TO DO
Take the lines from the one with "16540 Pear Ave, Orland" through the last line of the material below and write them out exactly, without any pictures.

= Beginning of Section =

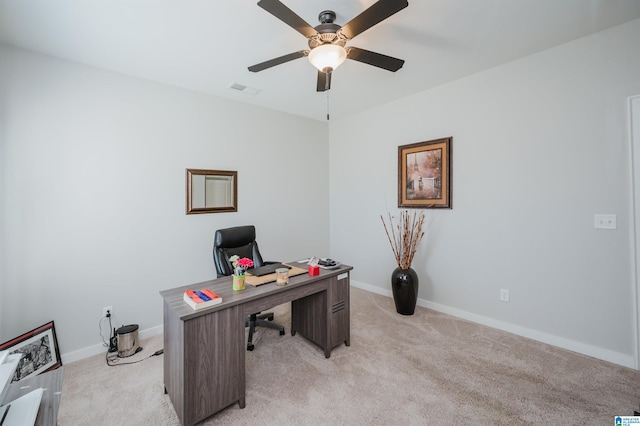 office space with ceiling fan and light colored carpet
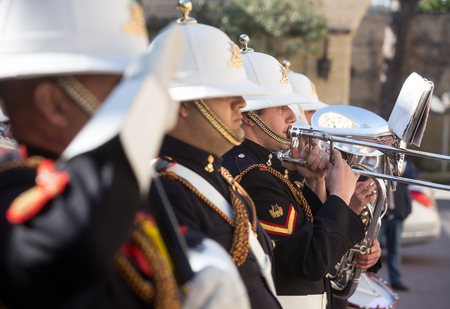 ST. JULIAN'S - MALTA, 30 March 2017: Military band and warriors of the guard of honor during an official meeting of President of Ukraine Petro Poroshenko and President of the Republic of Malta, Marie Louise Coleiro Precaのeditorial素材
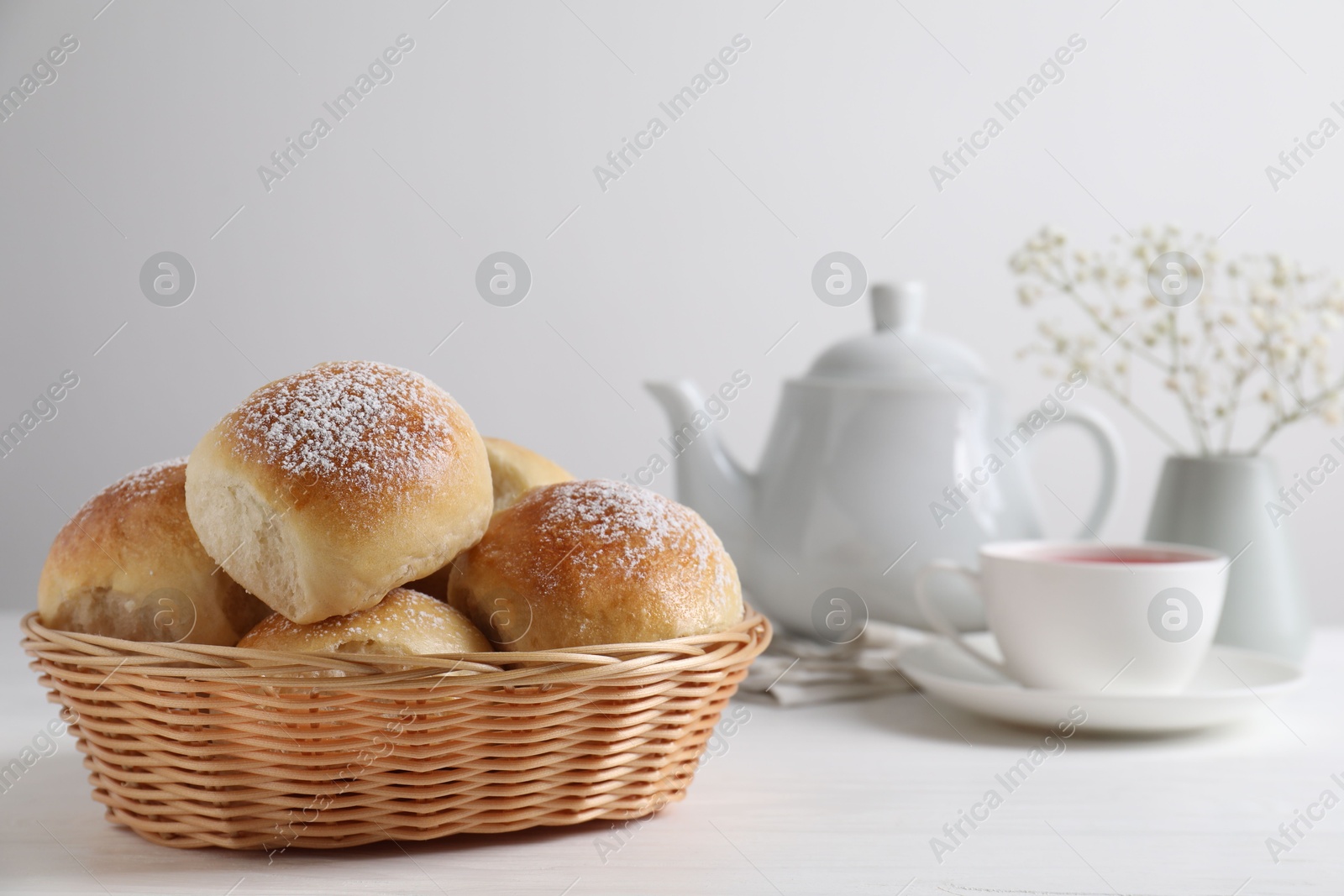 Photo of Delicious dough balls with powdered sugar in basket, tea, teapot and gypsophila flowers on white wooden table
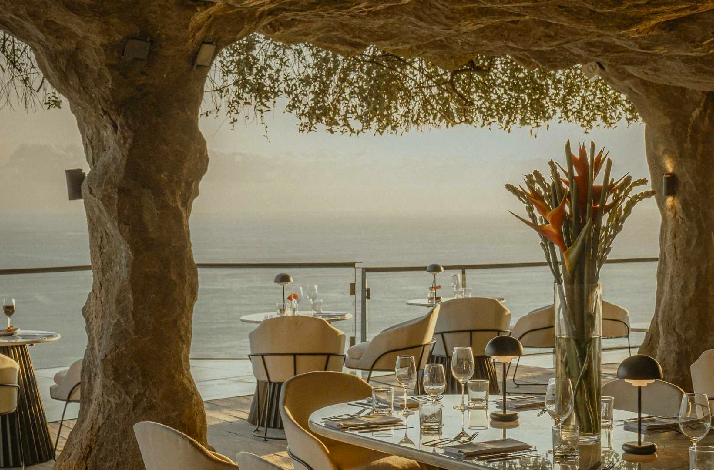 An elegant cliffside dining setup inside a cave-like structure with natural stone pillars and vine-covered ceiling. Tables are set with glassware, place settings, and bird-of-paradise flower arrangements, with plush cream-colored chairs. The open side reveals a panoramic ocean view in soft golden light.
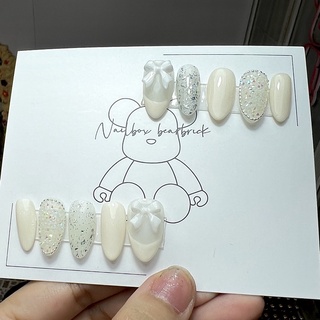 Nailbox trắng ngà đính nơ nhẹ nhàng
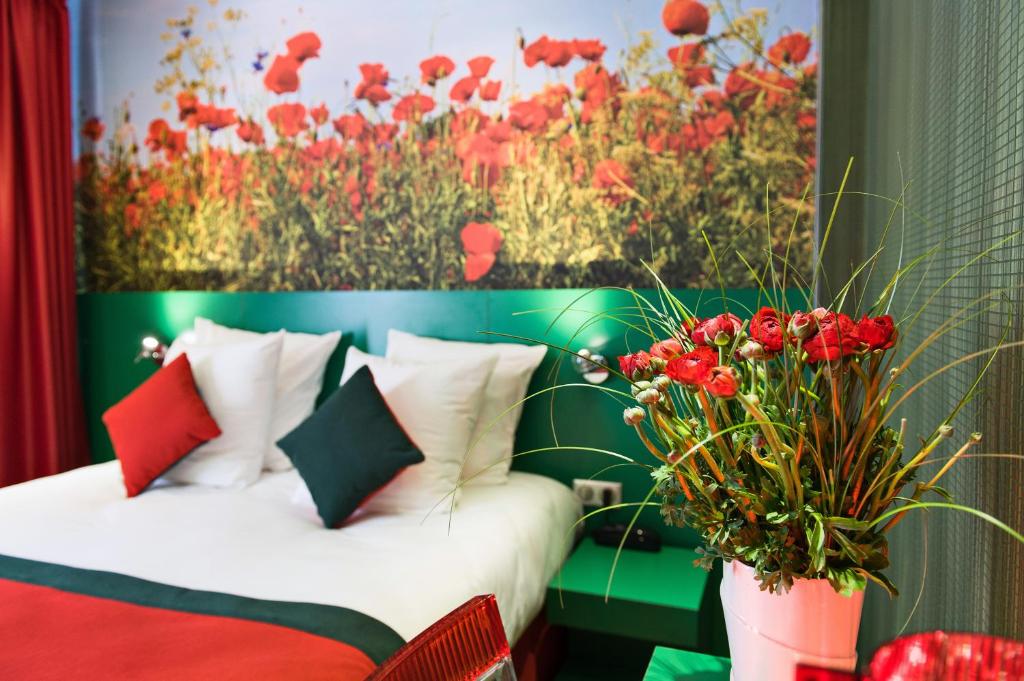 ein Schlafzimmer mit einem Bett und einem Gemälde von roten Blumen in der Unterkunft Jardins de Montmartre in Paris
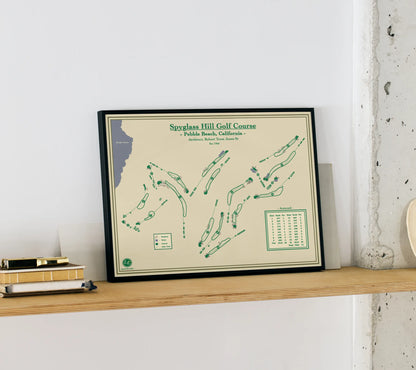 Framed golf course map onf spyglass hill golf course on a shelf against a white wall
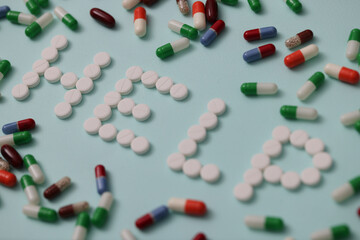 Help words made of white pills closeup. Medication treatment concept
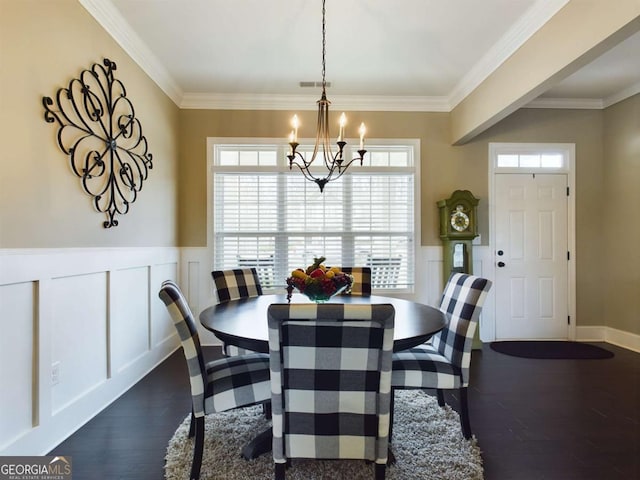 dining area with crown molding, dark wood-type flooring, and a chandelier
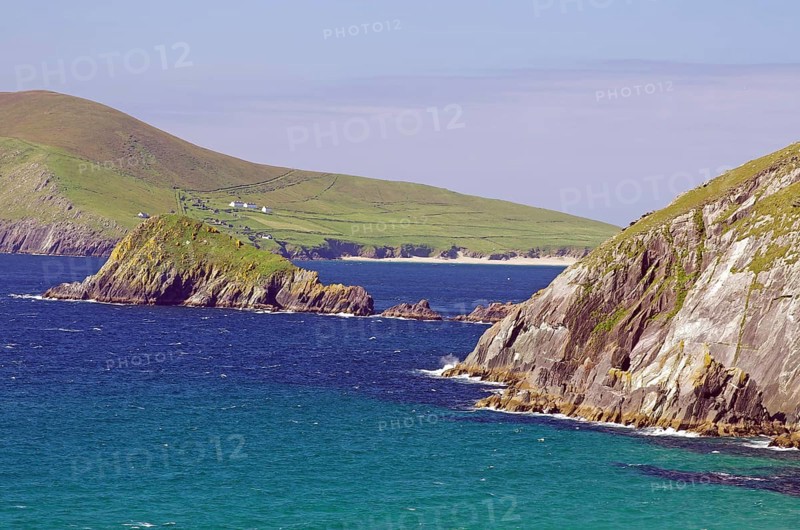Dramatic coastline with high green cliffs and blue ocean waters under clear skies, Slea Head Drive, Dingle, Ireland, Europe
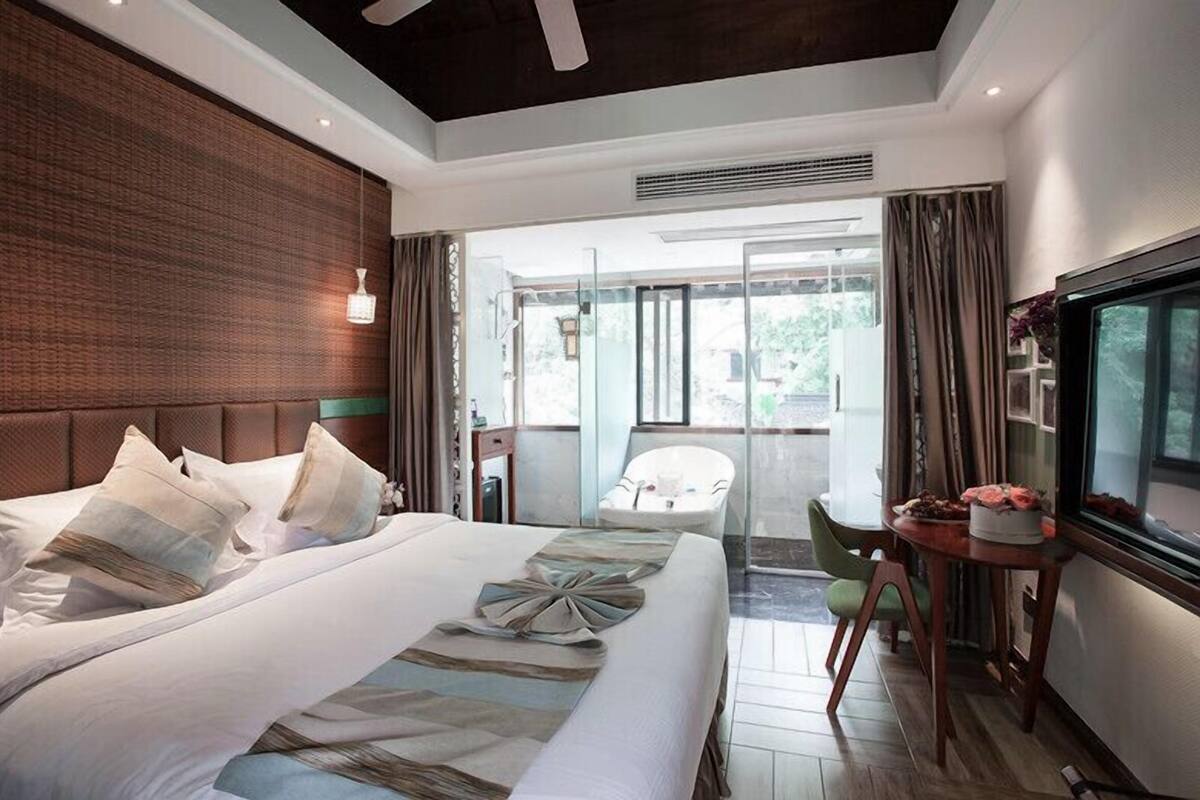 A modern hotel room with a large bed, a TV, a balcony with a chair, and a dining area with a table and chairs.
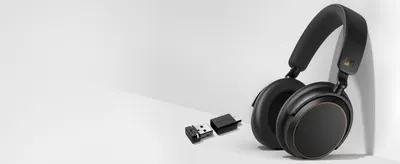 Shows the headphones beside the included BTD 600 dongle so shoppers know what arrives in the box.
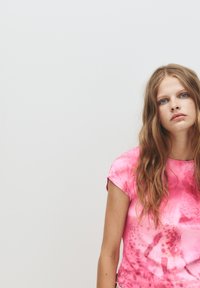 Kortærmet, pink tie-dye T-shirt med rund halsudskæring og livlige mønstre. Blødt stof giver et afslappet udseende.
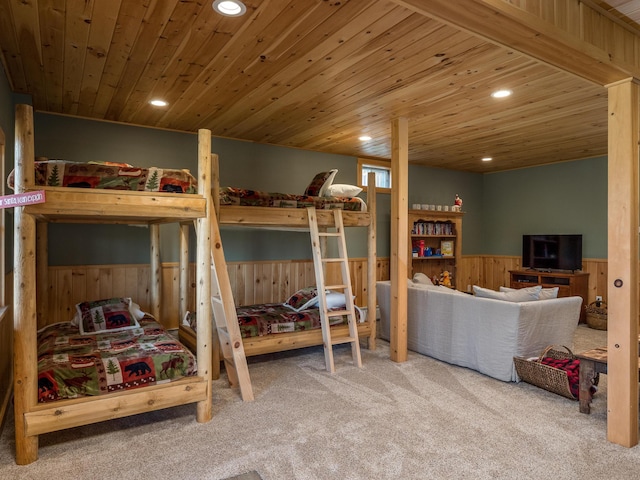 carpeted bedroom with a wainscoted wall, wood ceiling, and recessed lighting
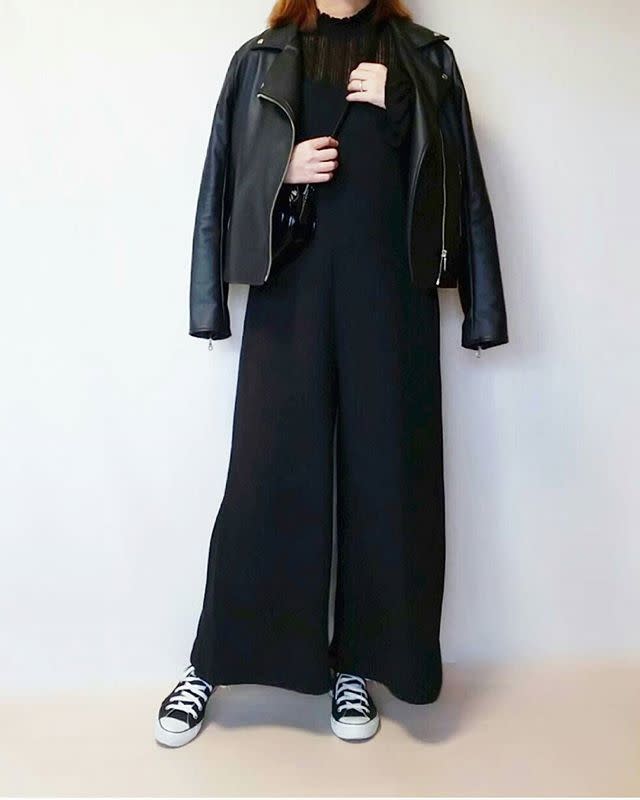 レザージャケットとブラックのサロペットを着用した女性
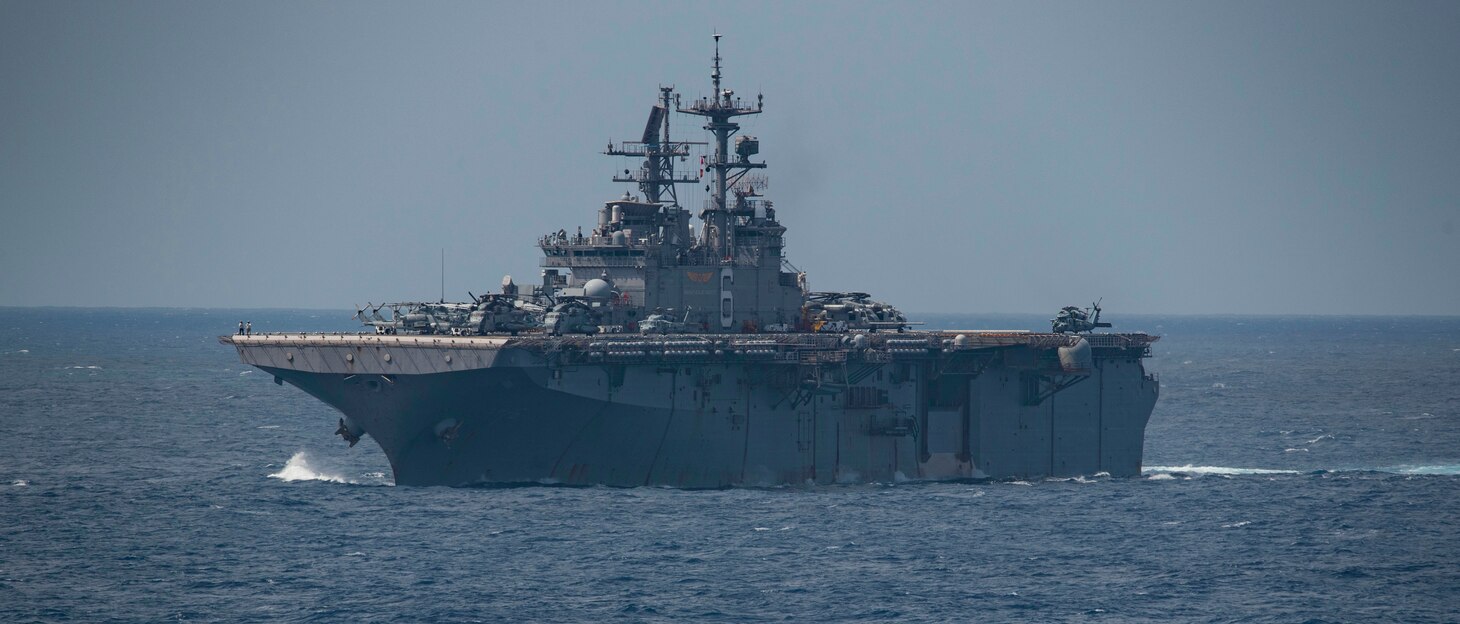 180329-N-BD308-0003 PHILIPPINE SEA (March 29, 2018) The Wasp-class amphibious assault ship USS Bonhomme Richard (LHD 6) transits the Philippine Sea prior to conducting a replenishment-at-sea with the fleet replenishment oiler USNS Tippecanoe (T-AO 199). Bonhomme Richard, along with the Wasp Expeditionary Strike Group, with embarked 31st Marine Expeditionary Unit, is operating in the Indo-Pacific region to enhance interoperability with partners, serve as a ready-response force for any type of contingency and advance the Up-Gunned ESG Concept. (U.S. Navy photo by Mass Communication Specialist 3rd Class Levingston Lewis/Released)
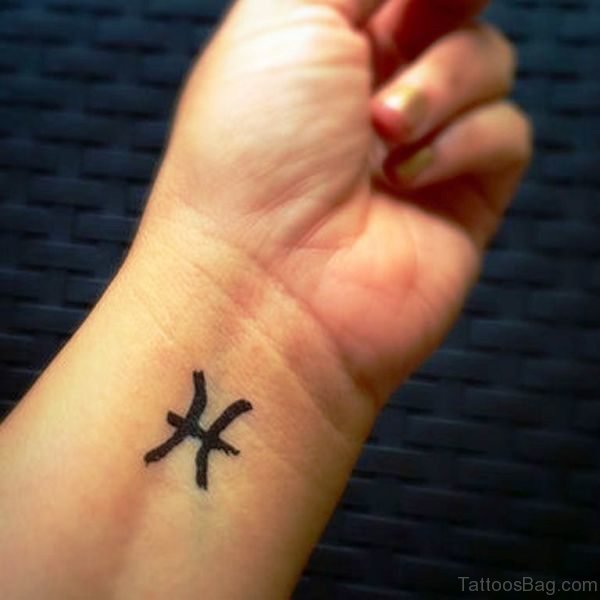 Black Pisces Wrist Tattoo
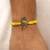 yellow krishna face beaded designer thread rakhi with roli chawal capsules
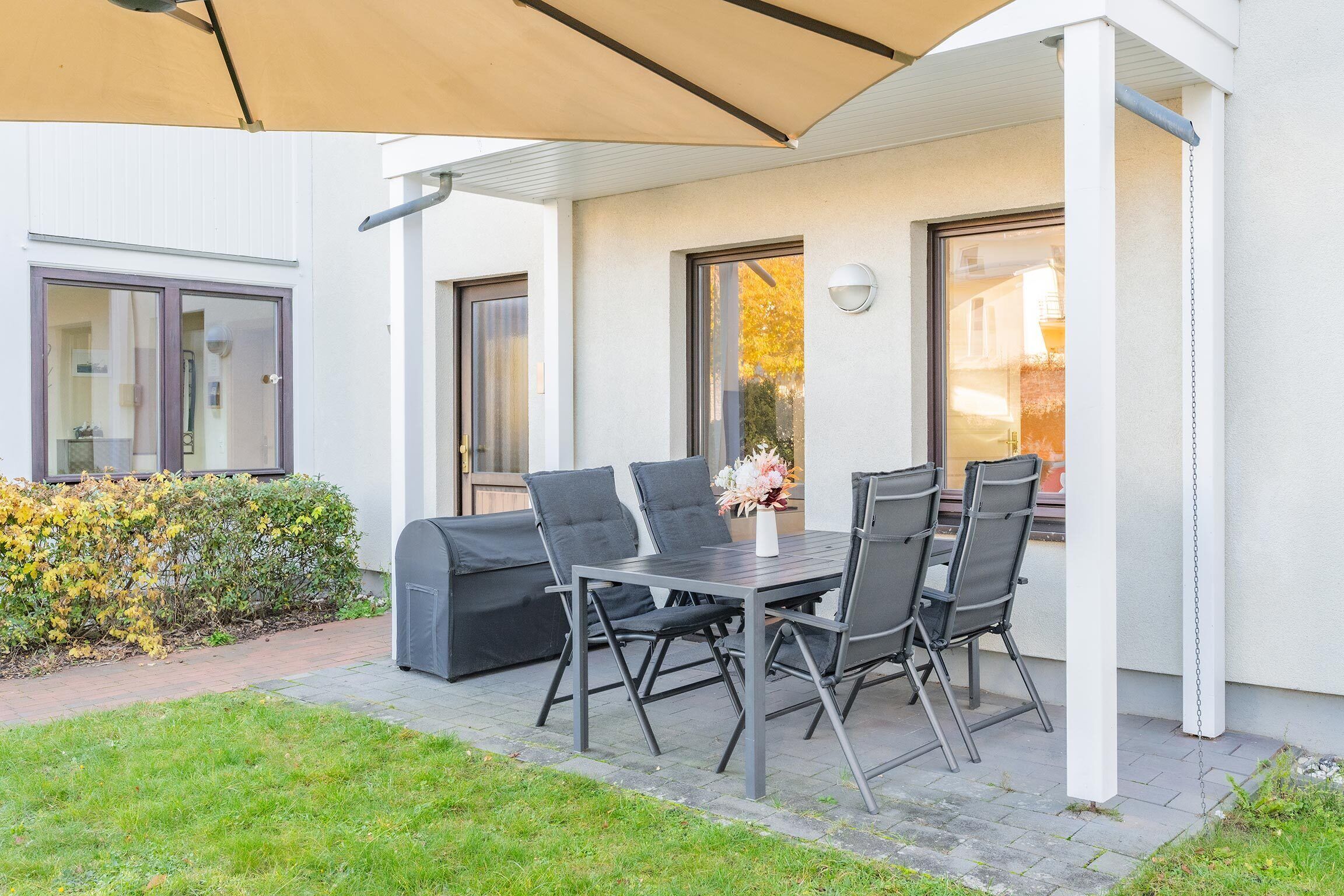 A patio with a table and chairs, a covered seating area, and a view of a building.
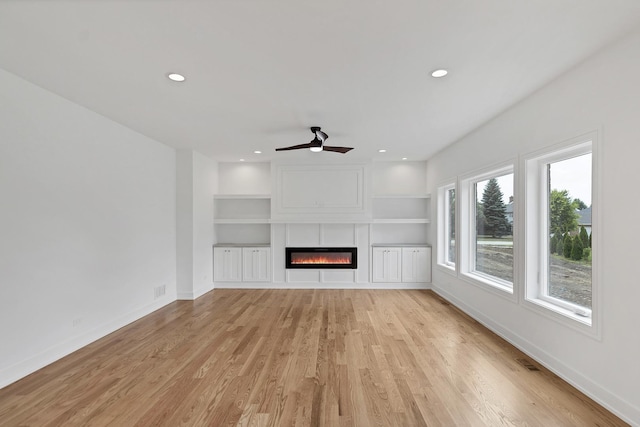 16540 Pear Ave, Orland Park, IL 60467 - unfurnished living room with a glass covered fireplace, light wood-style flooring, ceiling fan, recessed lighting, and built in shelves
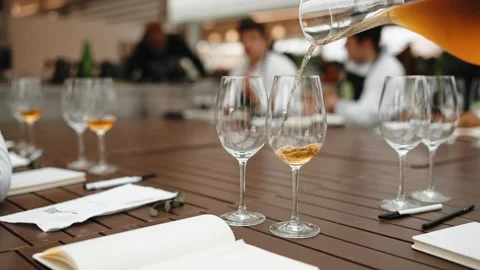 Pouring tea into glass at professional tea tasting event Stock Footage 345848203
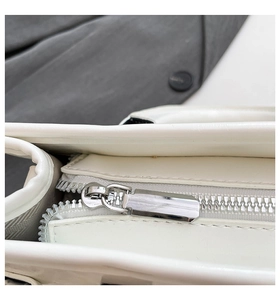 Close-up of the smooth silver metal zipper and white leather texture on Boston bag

= End of Section =

EXERCISE ANSWER
 16540 Pear Ave, Orland Park, IL 60467 - unfurnished living room with a glass covered fireplace, light wood-style flooring, ceiling fan, recessed lighting, and built in shelves
 Pouring tea into glass at professional tea tasting event Stock Footage 345848203
 Close-up of the smooth silver metal zipper and white leather texture on Boston bag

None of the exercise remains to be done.